C'est une étoile filante, ni plus ni moins. Son talent est si rare, si ephémère, si étincelant, qu'il fait d'elle une femme et une actrice unique. Loin de se voir avec des yeux si émerveillés, Marilyn ne cesse de douter. Son souhait de devenir une grande actrice lui insuffle cette pression quasi-constante, qui la transforme en véritable boule de nerf, incapable de bouger, incapable de trouver le repos. Lassée, esseulée, déprimée, elle ne cherche qu'à retrouver ce goût pour la vie, doux et innocent. C'est au contact de Colin qu'elle arrivera à retrouver un semblant de bonheur. À la recherche de la fillette qui sommeille en elle, elle verra en lui la personne capable de la faire retomber en enfance. L'illusion va donc se former, petit à petit, le rêve va finir par prendre vie, faisant d'une femme une enfant et d'un enfant un homme. Au détour d'une journée printanière, passée à se prélasser près d'un lac, les troubles de la vie réelle vont être oubliés, éclipsés par cette magie naissante. Mais rien n'est plus incertain qu'un rêve, et quand il côtoie le cauchemar de si près, il devient difficile d'y voir clair, comme si une poussière incrustée dans l'œil nous empêcherait d'ouvrir pleinement les yeux.
Marilyn se met donc à nue devant le seul homme qui semble capable de la comprendre. Enlever sa serviette sous le regard ébahi de Colin, ce n'est pas offrir son corps, mais son âme. Et elle est ici offerte avec beaucoup de précautions, de délicatesse, comme le film nous la livre avec pudeur et respect. Simon Curtis enveloppe donc tout son long-métrage de ces teintes naturellement brillantes, aussi claires et soyeuses que la chevelure de Marilyn, tout en gardant à l'esprit cette pénombre impénétrable, renfermée dans une chambre, cachée derrière les portes d'un placard.

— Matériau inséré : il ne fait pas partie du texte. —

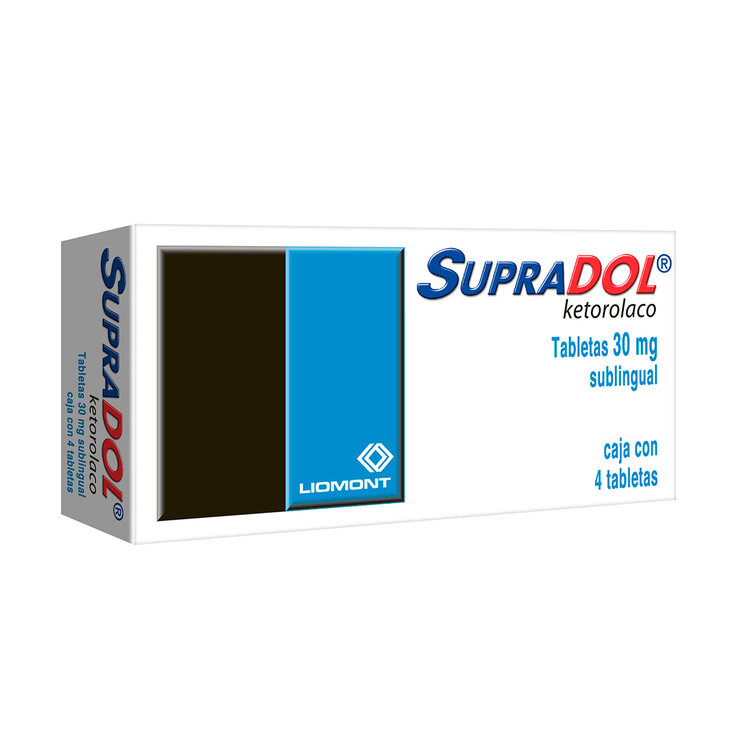 Supradol Sublingual 30 mg con 4 Tabletas — Imagen 2 de 3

Si l'intimité semble percée, il reste malgré tout des zones d'ombres, des précieuses vérités secrètement dissimulées, qui ne permettent jamais de savoir véritablement qui est cette femme si envoutante.
Le conte de Colin s'en tient à l'ephémère, au rêve devenu réalité, pour de brèves semaines, et au partage entre deux êtres qui avaient beaucoup à s'apporter l'un et l'autre. Porté par un duo d'acteurs concerné et resplendissant, le film s'avère être une ballade appréciable. Malheureusement, le rythme, notamment dans la première partie, est assez inégal, et l'intensité dans les moments sombres a du mal à troubler le spectateur comme cela aurait du être le cas. Un biopic gentillet en somme, comme la prestation d'Emma Watson, assez désuète. Mais malgré tout, il possède des qualités indéniables, dans la légèreté du récit, et dans les prestations des acteurs, qui font de lui un biopic agréable, à défaut de se révéler incontournable, comme on aurait pu l'espérer.